Image-caption web data
◆ ◆ ◆ ◆
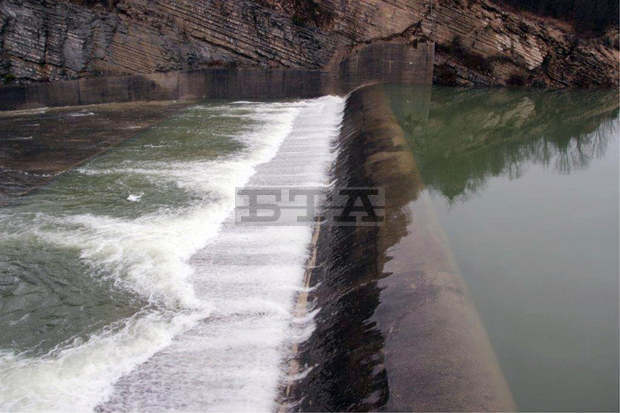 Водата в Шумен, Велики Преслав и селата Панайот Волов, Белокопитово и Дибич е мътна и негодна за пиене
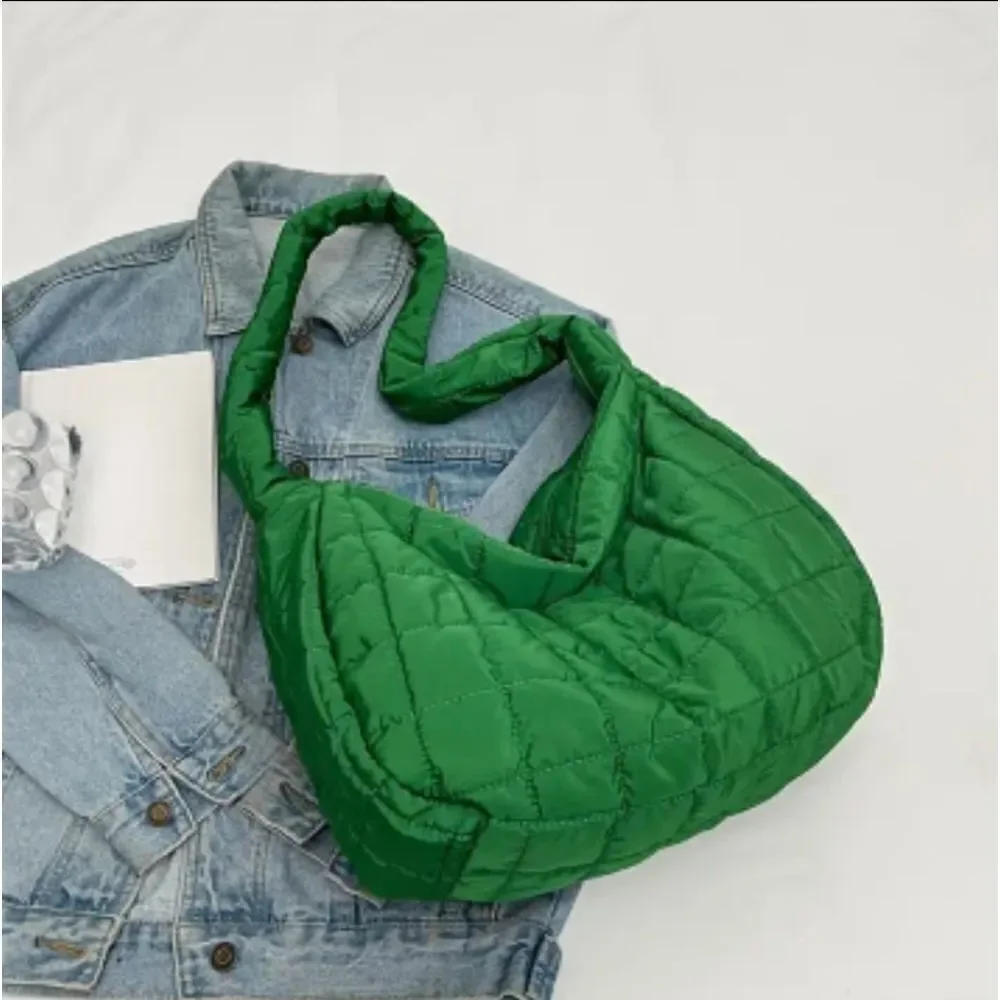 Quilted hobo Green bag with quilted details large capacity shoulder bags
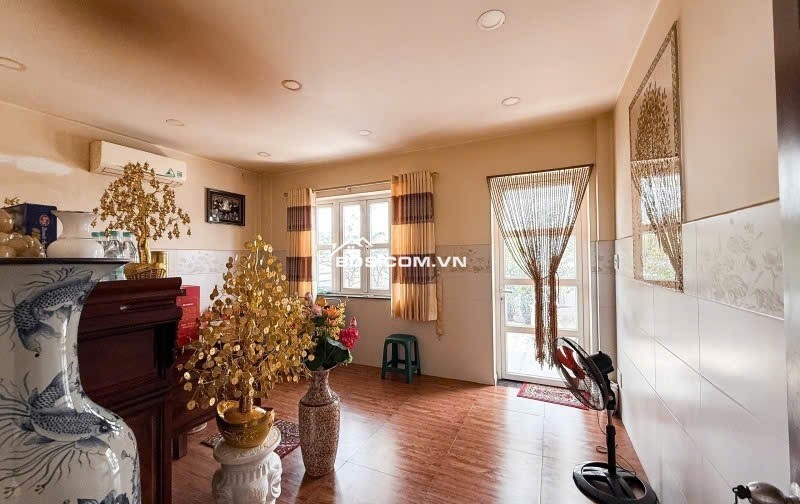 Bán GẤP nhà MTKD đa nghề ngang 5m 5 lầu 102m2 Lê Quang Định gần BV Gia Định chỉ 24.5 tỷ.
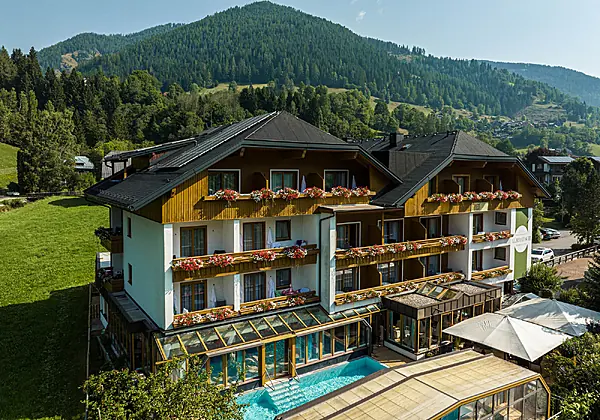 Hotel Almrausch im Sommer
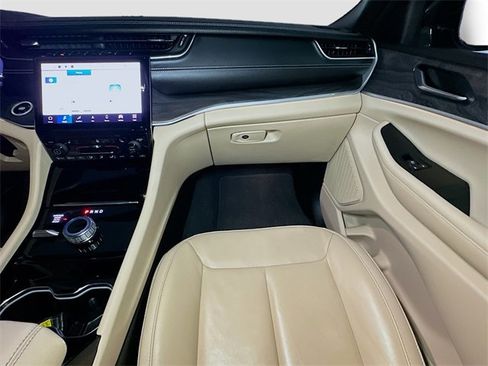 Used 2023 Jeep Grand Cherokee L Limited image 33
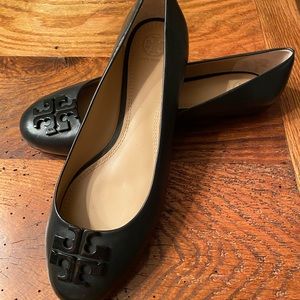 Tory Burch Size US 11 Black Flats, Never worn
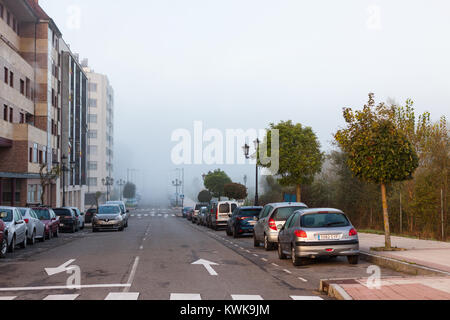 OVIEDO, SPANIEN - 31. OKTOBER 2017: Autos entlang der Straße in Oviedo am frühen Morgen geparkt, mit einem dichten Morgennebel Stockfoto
◆ ◆ ◆ ◆
**Directions:** Whatever the records hold apart from pictures should be repeated exactly.

**Exercise output:**
 Водата в Шумен, Велики Преслав и селата Панайот Волов, Белокопитово и Дибич е мътна и негодна за пиене
 Quilted hobo Green bag with quilted details large capacity shoulder bags
 Bán GẤP nhà MTKD đa nghề ngang 5m 5 lầu 102m2 Lê Quang Định gần BV Gia Định chỉ 24.5 tỷ.
 Hotel Almrausch im Sommer
 Used 2023 Jeep Grand Cherokee L Limited image 33
 Tory Burch Size US 11 Black Flats, Never worn
 OVIEDO, SPANIEN - 31. OKTOBER 2017: Autos entlang der Straße in Oviedo am frühen Morgen geparkt, mit einem dichten Morgennebel Stockfoto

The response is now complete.